The most interesting idea is that its native data types are time series of integers, doubles, distributions of doubles, booleans, and tuples of the above. This means that the data you operate on intrinsically consist of many timestamped data points. It's easy to apply an operation to each point of the data, and it's also easy to apply operations on a rolling window, or on successive points. This makes the language have the feel of an array-based language, but even better because the elements are timestamped and the array can be sparse.
Furthermore the presence of fields in each data point adds more dimensions to the level of aggregation (not just the inherent time-based). Now the language has the feel of a native multi-dimensional array language. It feels amazing to program in it. You can easily do sophisticated queries like figuring out how many standard deviations each task's RPC latency for a specific call is above or below all tasks' mean, for outlier detection.
That work eventually resulted in a language called Optic, which was indeed (IMO) a very nice cleanup of Borgmon. Ultimately though that work got shelved in favor of Monarch, whose focus was less on the language problems of Borgmon and more on the points listed in the introduction of the paper, especially points 1, 3, and 4 (at least in my memory).

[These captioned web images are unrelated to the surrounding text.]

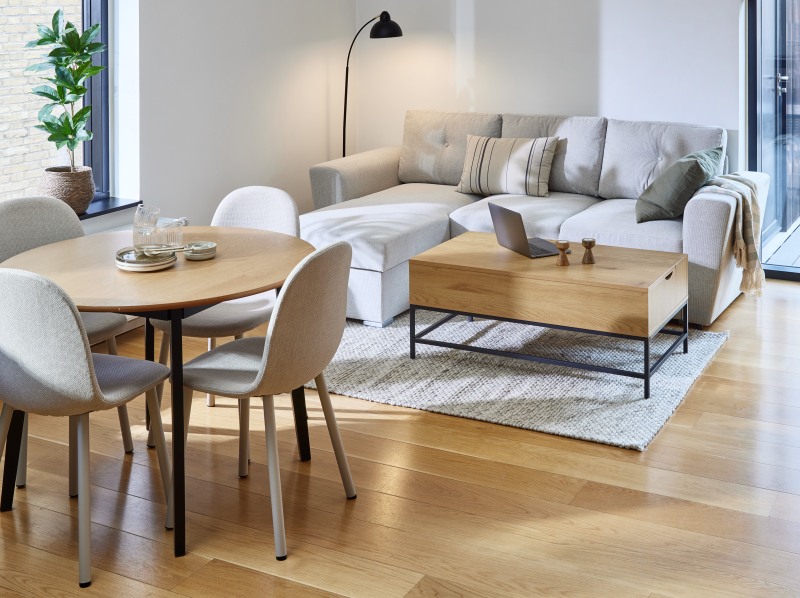 Không gian phòng khách 15m2 có nhiều ý tưởng để decor trang trí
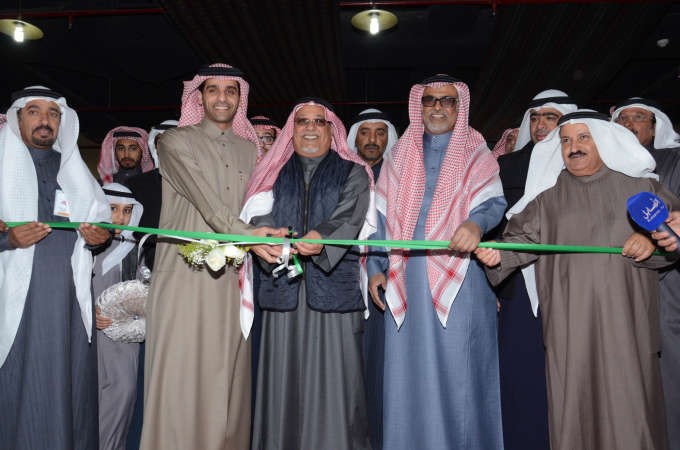 الشيخ علي الجراح يفتتح الجناح السعودي بمشاركة المستشار محمد ضيف الله شرار ود حسين ابو الحسن والشيخ محمد بن عبدالله ال ثاني﻿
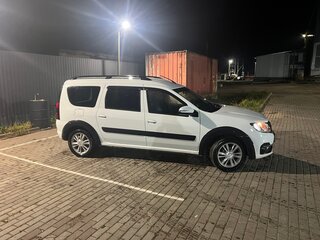 2021 Lada (ВАЗ) Largus I Рестайлинг, белый, 890000 рублей, вид 2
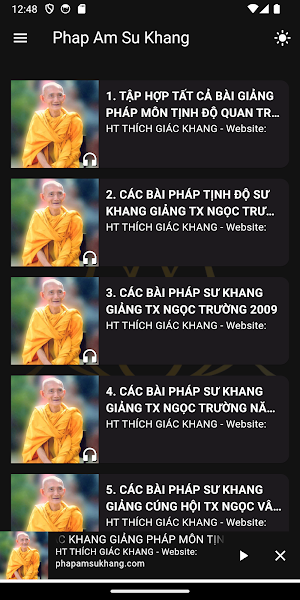 Pháp Âm Sư Khang Screenshot 1
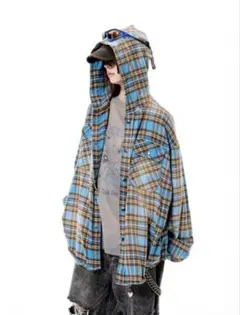 unknownworld oversize check parker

The underpinnings of the query data model and execution model got hashed out reasonably well as part of the first implementation of Monarch, which started in earnest in late 2008 or early 2009. But the textual form of the query language suffered for quite a long time after that. I wrote the first crappy version of an operators-joined-by-pipes language sometime in 2010. ("Language" is a generous term; John liked to refer to it in a kindly way as "an impoverished notation.") But it was clear even then that the basics of that syntax were appealing: they lined up nicely with how our users mentally constructed their queries. "You start with the raw data; then apply a rate; then aggregate by these fields; then take the maximum over the last five minutes" etc.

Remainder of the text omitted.